Task details: The copy should begin at the line containing "(日)【Foil】簒奪者、イクラ・シディーキ / Ikra" and end with the last line below, every line exact and no picture included.

(Scraped caption text data)
####################

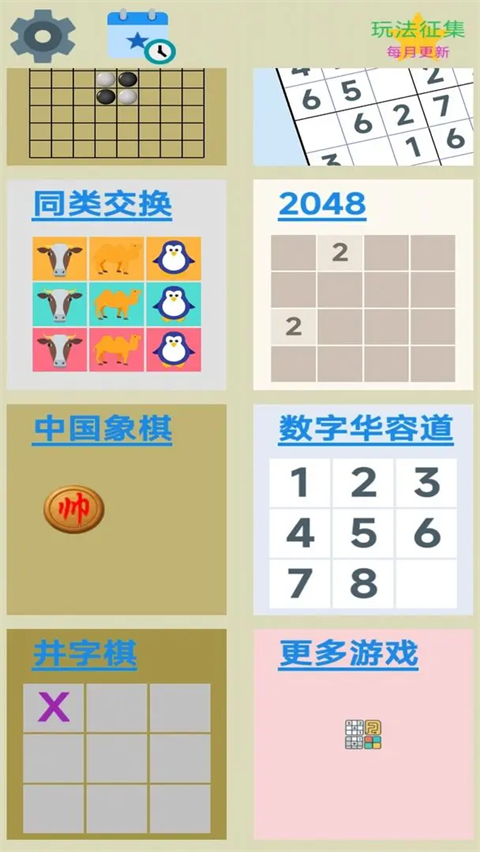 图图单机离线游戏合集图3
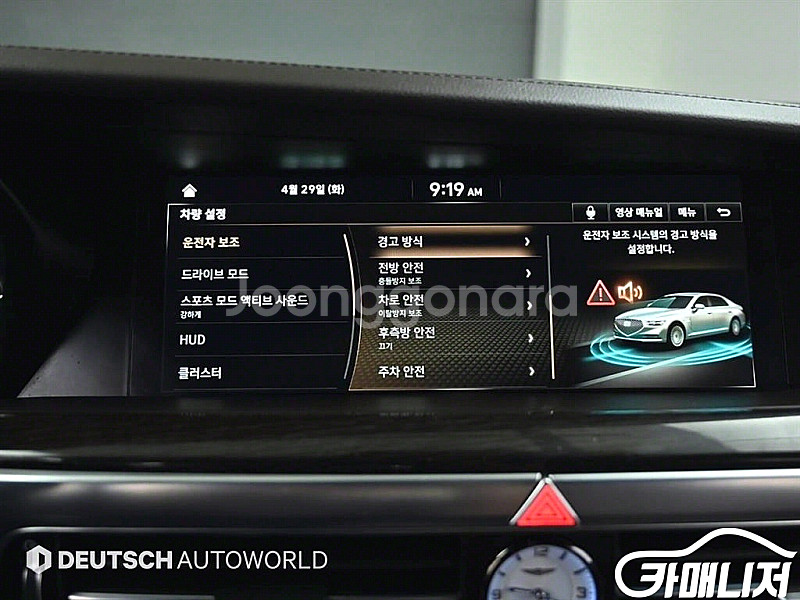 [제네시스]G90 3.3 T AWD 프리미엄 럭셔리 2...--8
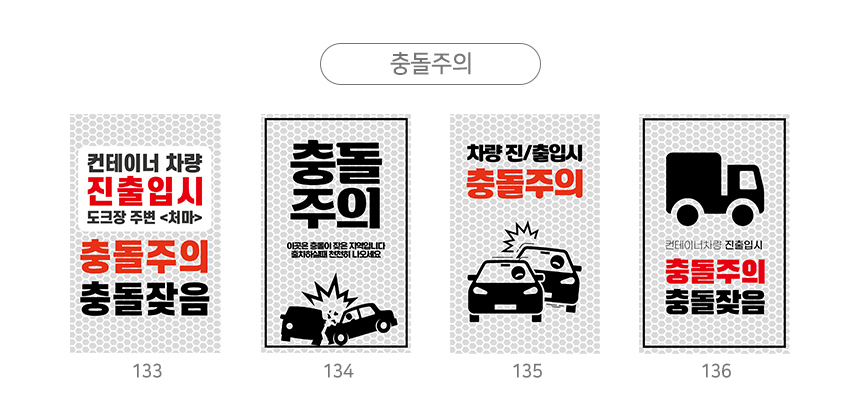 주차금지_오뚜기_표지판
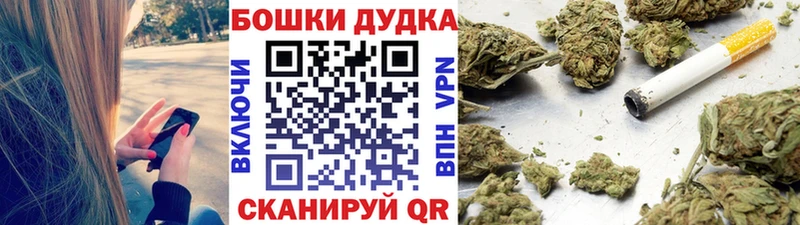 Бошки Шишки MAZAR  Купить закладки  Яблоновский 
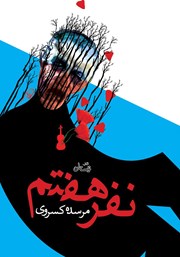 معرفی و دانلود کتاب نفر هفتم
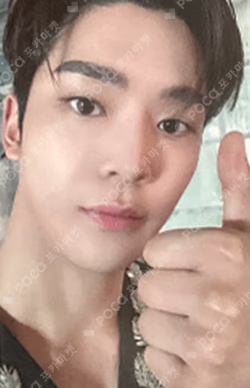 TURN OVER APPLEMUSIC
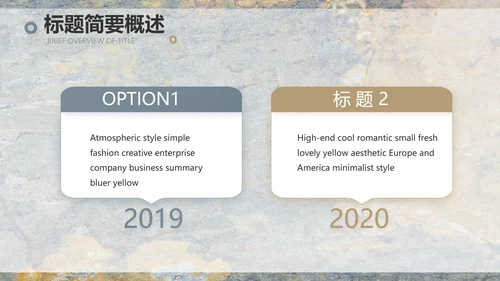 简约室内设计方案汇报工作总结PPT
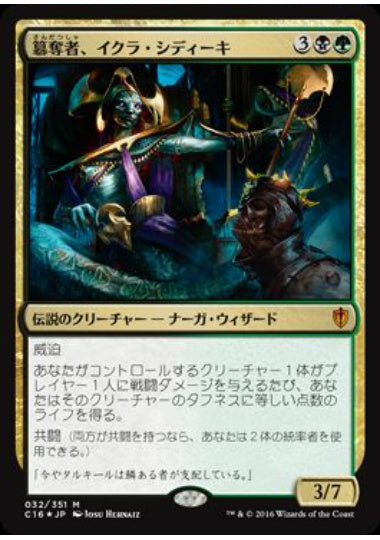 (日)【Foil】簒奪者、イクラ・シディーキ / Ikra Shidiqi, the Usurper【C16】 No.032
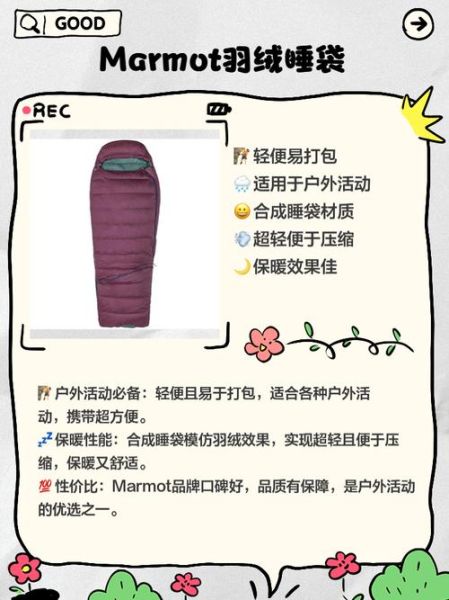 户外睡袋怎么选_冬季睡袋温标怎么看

####################

Written answer:
 (日)【Foil】簒奪者、イクラ・シディーキ / Ikra Shidiqi, the Usurper【C16】 No.032
 户外睡袋怎么选_冬季睡袋温标怎么看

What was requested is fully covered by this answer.